フランチャイズの特徴と言えば、あれですね、誰がやってもサービスの質に差が出ないところ。
人間は質の高いサービスを好む、しかし、それ以上にサービスのムラを嫌うと、おじさんは言います。そして、このムラをなくすためには、作業マニュアルをつくることが必須であると。
人は、程度の差はあれど、習慣どおりに生活することを好みます。マクドナルドで注文をして、20分後に商品が出てきたら、もうブチ切れですよね。
だって、マックの商品は3分以内には提供されるという習慣があるのですから。商品自体の質に問題がなくても、それをサーブする仕組みに問題があれば、それだけで顧客満足度は落ちてしまう。
商品自体の質を上げることも、もちろん重要ですが、顧客というのはそれ以上に安定したサービスを望むのです。昨日してくれたサービスを、今日はしてくれないのに我慢ならない、それが人です。(犬とかだって同じですよね〜)
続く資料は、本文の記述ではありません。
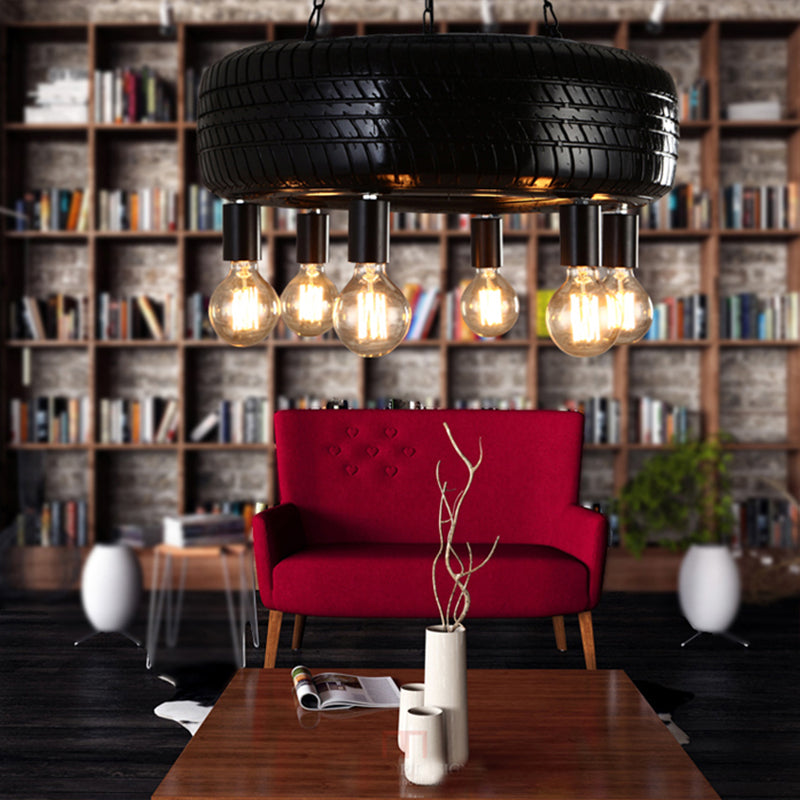Cafe Car Tire Pendant Lamp Rubber 6 Lights Vintage Stylish Chandelier in Black Black Clearhalo 'Ceiling Lights' 'Chandeliers' Lighting' options 160052_32c4b390-cd2f-4eb2-9327-d4fac8900a0c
職人としての仕事に、熱中したいのはよくわかりますが、それを続けていては、どこかでしわ寄せがくることになる。
これを防ぐためには、マニュアルをつくり、自分が直接手を下さなくても事業が回るような仕組みをつくることが重要だと、ガーバーおじちゃんは繰り返し言っています。
反対に言えば、自分が抜けたら途端に成り立たなくなる事業なんて三流そのものだと。独り身ならまだ良いですよ、でも、守るべき家族や従業員がいたらどうするんですか。
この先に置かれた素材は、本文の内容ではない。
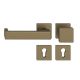 FSB 79 1074 door knob set with PZ square roses for fireproof emergency doors, medium dark bronze S5,LEFT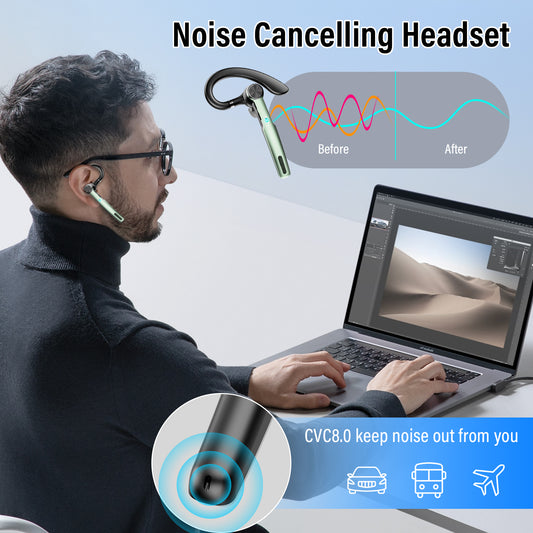 Aptkdoe Bluetooth Headset, Single-Ear Bluetooth Earpiece with ENC Mic with HiFi Stereo Sound, 72 Hours Talking Time Wireless Headset V5.3 with 400mAh Charging Case for iOS Android Cell Phones, Green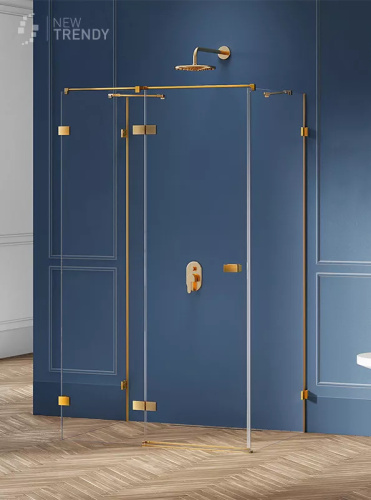 Душевой уголок New Trendy AVEXA Gold EXK-3072 80х90 стекло прозрачное профиль золото брашированное без поддона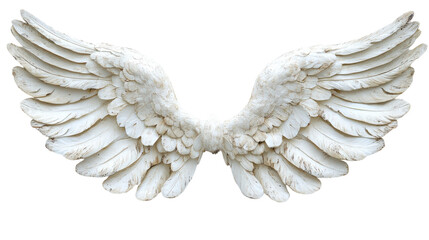 Obraz premium Majestic white angel wings display intricate feathers, perfect for a creative art project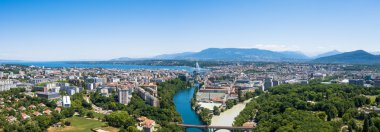 Geneva City İsviçre havadan görünümü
あなたが居なくなった途端に、会社が傾いたら、多くの人が路頭に迷う可能性があるのです、それって起業家として、無責任すぎると思いませんか?
そうならないためにも、一流企業のように経営し、自分がいなくても事業が回るような仕組みを整えることが大事なのです。ガーバーおじさんの言うとおりね。
まとめると・・・
起業を成功させるためには、「起業家」「マネジャー」「職人」の3つの人格を備えている必要があると。
で、多くの人は職人の人格を優先して、事業を行ってしまうがために、失敗することになる。
これを防ぐためには、3つの人格のバランスを取る必要があって、そのためには「一流企業のように経営する」「自分がいなくても経営が回るような仕組みをつくる」ことが重要ということでしたね。
いずれも、対応した人間や、その日の気分で対応が変わらないために必要な、一種のマニュアル整備のような仕事ということです。
こうすることによって、人間が好む”安定したサービス”の提供が可能になり、顧客満足度が上がる、そして顧客満足度が事業の成功に繋がる。ということでした。
いかがですか?
起業の名著だけあって、内容は
です。興味がある人はぜひ一読してみてください。読む価値ありますよ。